▸ ASSIGNMENT
I'd ask you to write out the lines below exactly, with no images.
[[ DATA PROVIDED open ]]
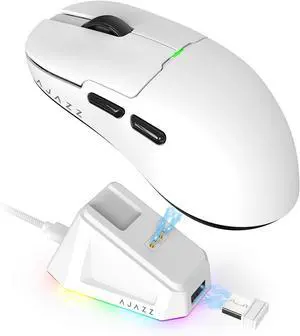 Ajazz AJ159 Dual Mode 2.4G/USB-C 56g Lightweight Gaming/Office Mouse with PAW3395 Sensor, 5 Programmable Buttons Up to 26KDPI with Magnetic Charging Dock for PC/Laptop/Win/Mac (White)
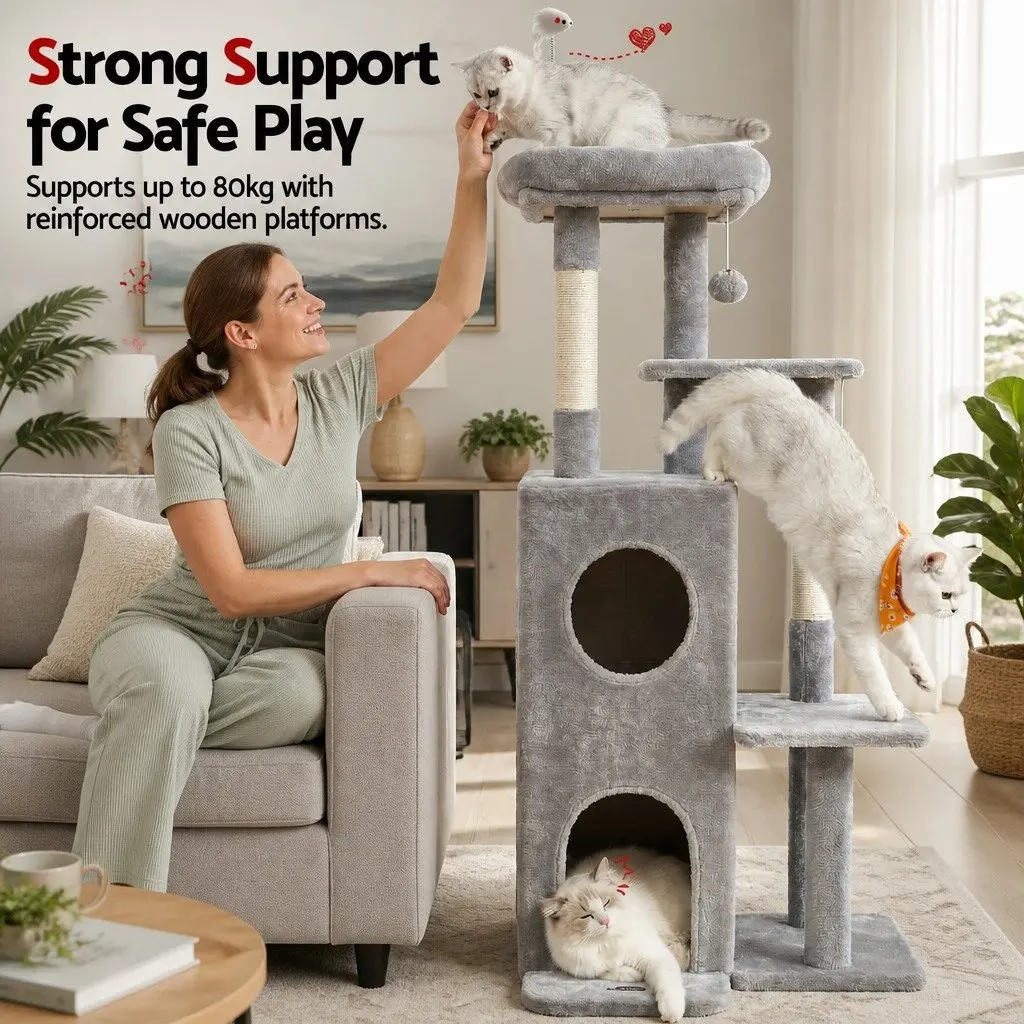 Cat Tree Scratching Post Multi-Level Platforms Hideouts Light Grey 127cm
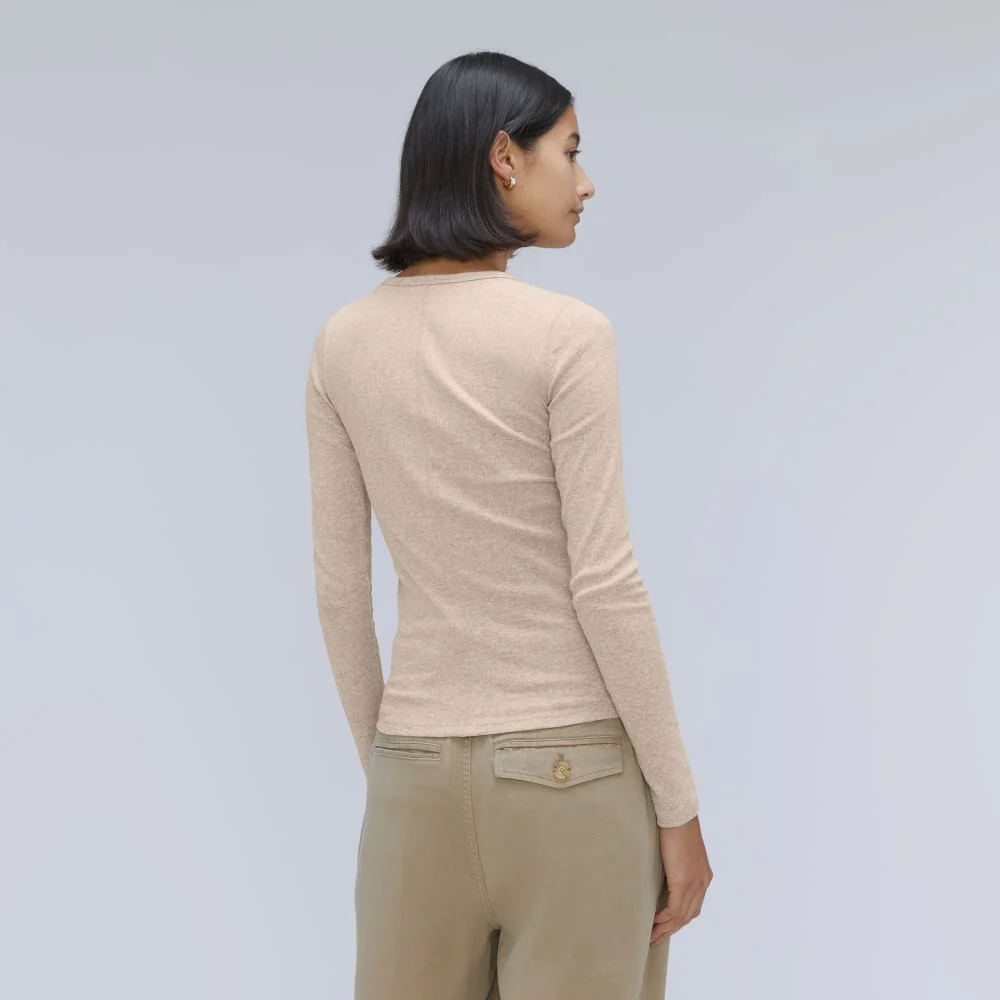 The Luxe Rib Long-Sleeve Crew | Heathered Meringue - Image 3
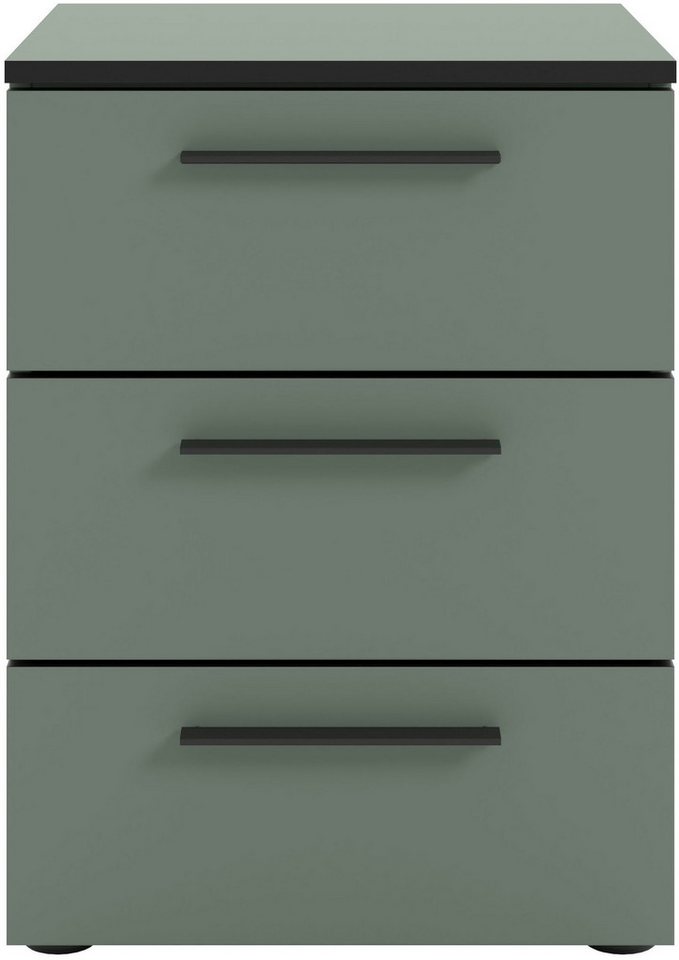 Manjana Möbel Nachtkommode Nachtkommode mit Schwarz matten Metallgriffen von Manjana Möbel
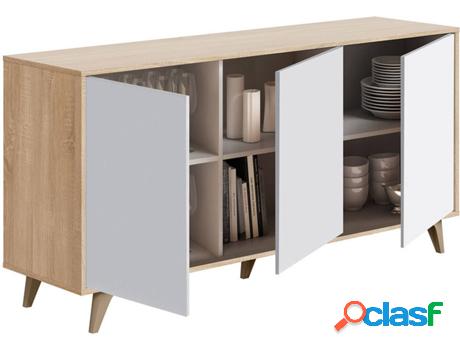 Aparador HABITDESIGN Kikua Plus (Blanco Artik - Roble -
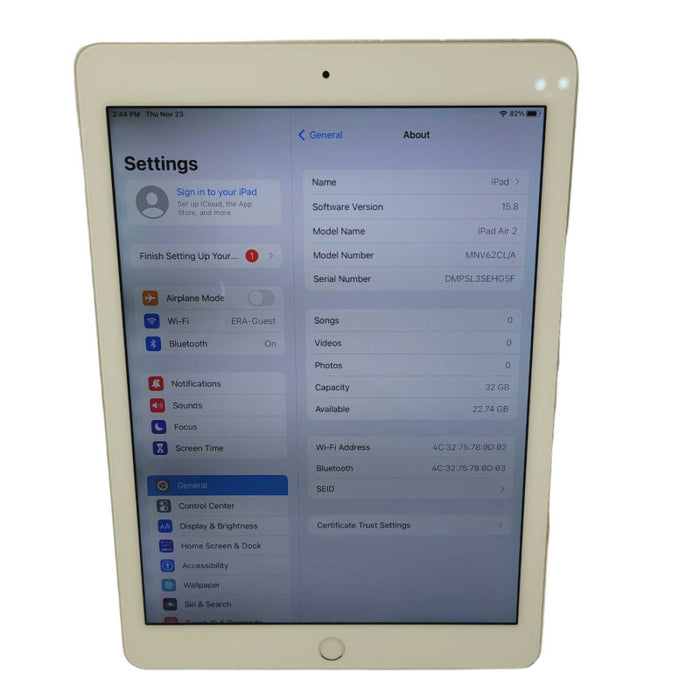 Apple iPad Air 2 32GB A1566 UNLOCKED Plz READ -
[[ DATA PROVIDED closed ]]
▸ SOLUTION TO THIS EXERCISE
 Ajazz AJ159 Dual Mode 2.4G/USB-C 56g Lightweight Gaming/Office Mouse with PAW3395 Sensor, 5 Programmable Buttons Up to 26KDPI with Magnetic Charging Dock for PC/Laptop/Win/Mac (White)
 Cat Tree Scratching Post Multi-Level Platforms Hideouts Light Grey 127cm
 The Luxe Rib Long-Sleeve Crew | Heathered Meringue - Image 3
 Manjana Möbel Nachtkommode Nachtkommode mit Schwarz matten Metallgriffen von Manjana Möbel
 Aparador HABITDESIGN Kikua Plus (Blanco Artik - Roble -
 Apple iPad Air 2 32GB A1566 UNLOCKED Plz READ -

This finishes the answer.